Piena fraternità con la donna e l’uomo di ogni condizione dovrebbe essere il programma crescente dell’apostolo.

Insolito strumento di “eccellenza“ o “eminenza” - eppure francamente sapienziale, secondo natura:

Anche il Tao Tê Ching (LII) afferma: «Illuminazione, è vedere il piccolo; forza, è attenersi alla mollezza».

 

Malgrado la sproporzione, solo questo rivolgimento di Volto sta al centro della storia e non abbassa Dio al livello del banale dominio.

Capovolgimento e Libertà che si fa programma permanente di solidarietà fattiva, e stimola il fervore.

Principio determinante del nuovo Regno, dove non si rincorrono ambizioni.

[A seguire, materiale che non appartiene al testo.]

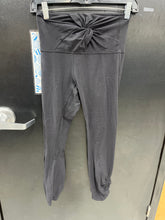 Load image into Gallery viewer, Lulu Lemon Athletic Pants Size 3/4 (27)

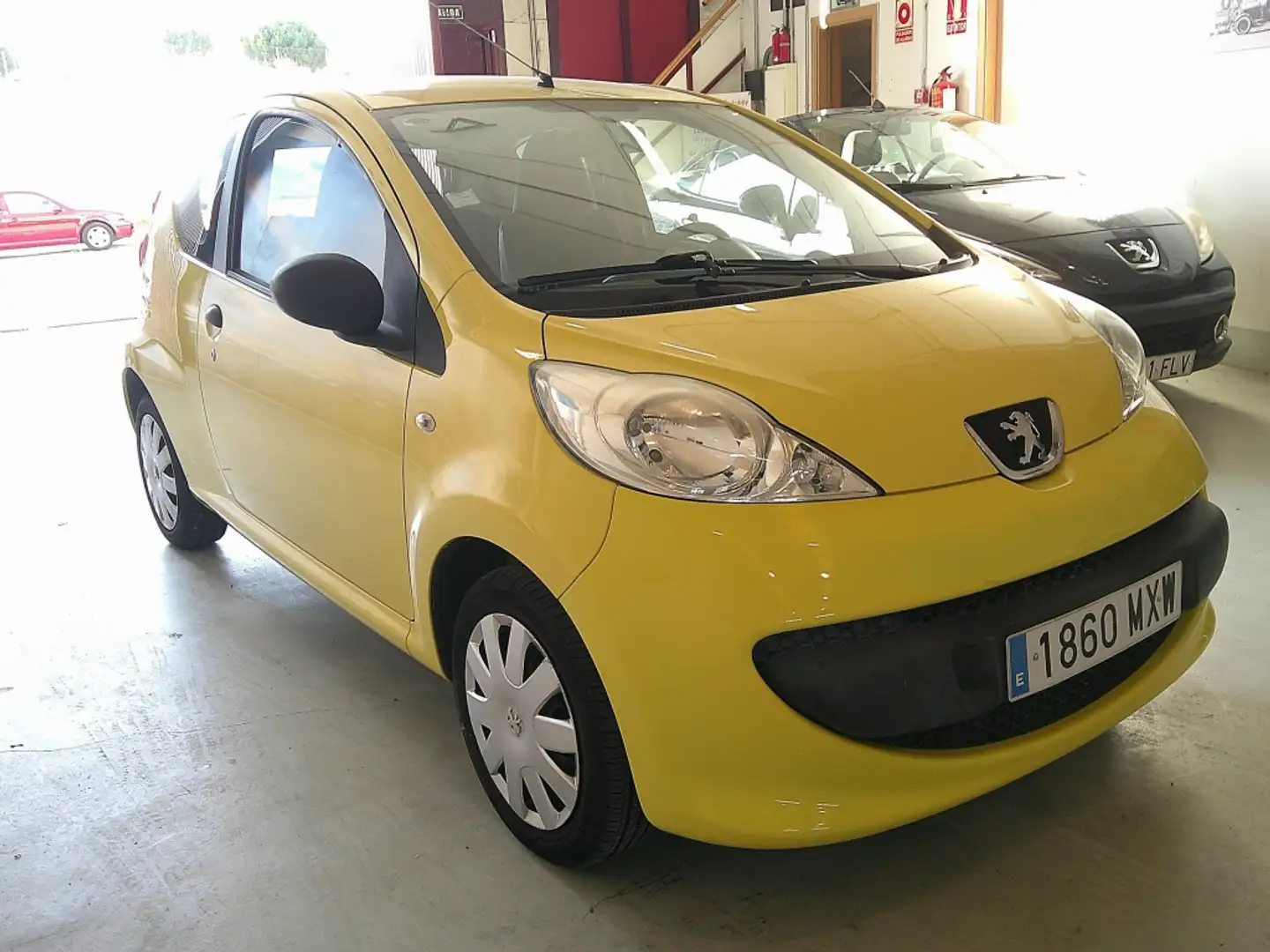 Peugeot 107 1.0i Urban Amarillo - 2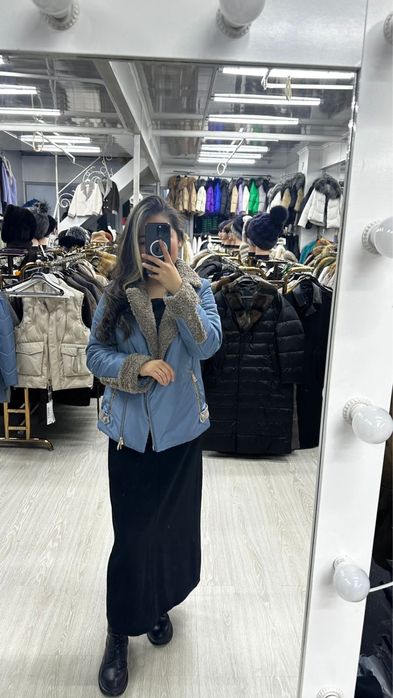 Продам куртку на весну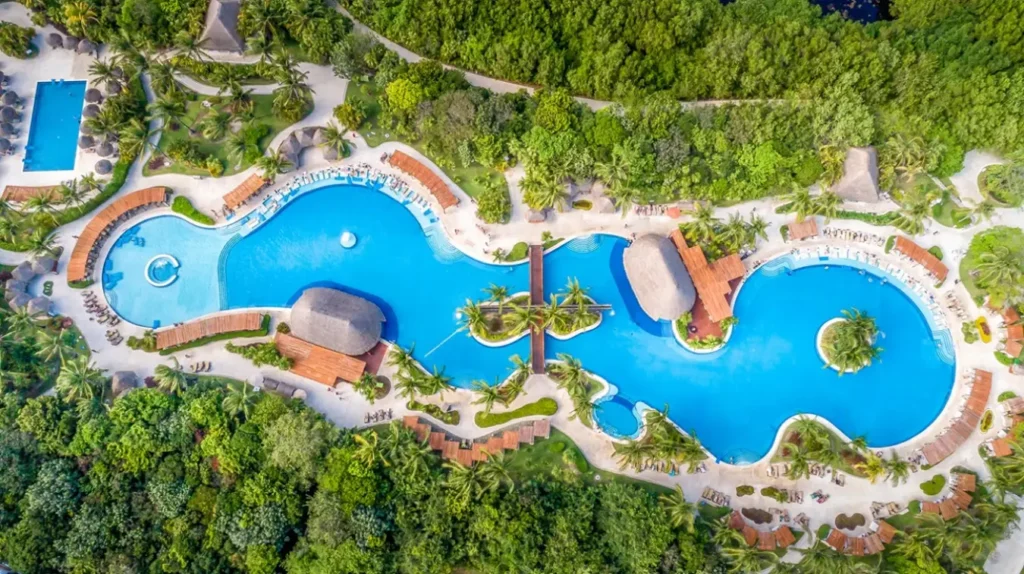 piscina del Valentin Imperial Riviera Maya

Piuttosto, si condivide la sorte del Maestro, ossia «bere il medesimo Calice» (vv.22-23) e il destino di realizzazione altrui, anche paradossale.

 

In Cristo, il popolo della Chiesa-Famiglia procede verso Gerusalemme, senza meriti né funzioni che accampino un diritto - ma con le chiavi della vita.

È così che ci si trova concretamente «a destra e sinistra» (vv.21.23) del regale Crocifisso - e nell’Unione mistica col Risorto piagato.

 

Salendo assieme.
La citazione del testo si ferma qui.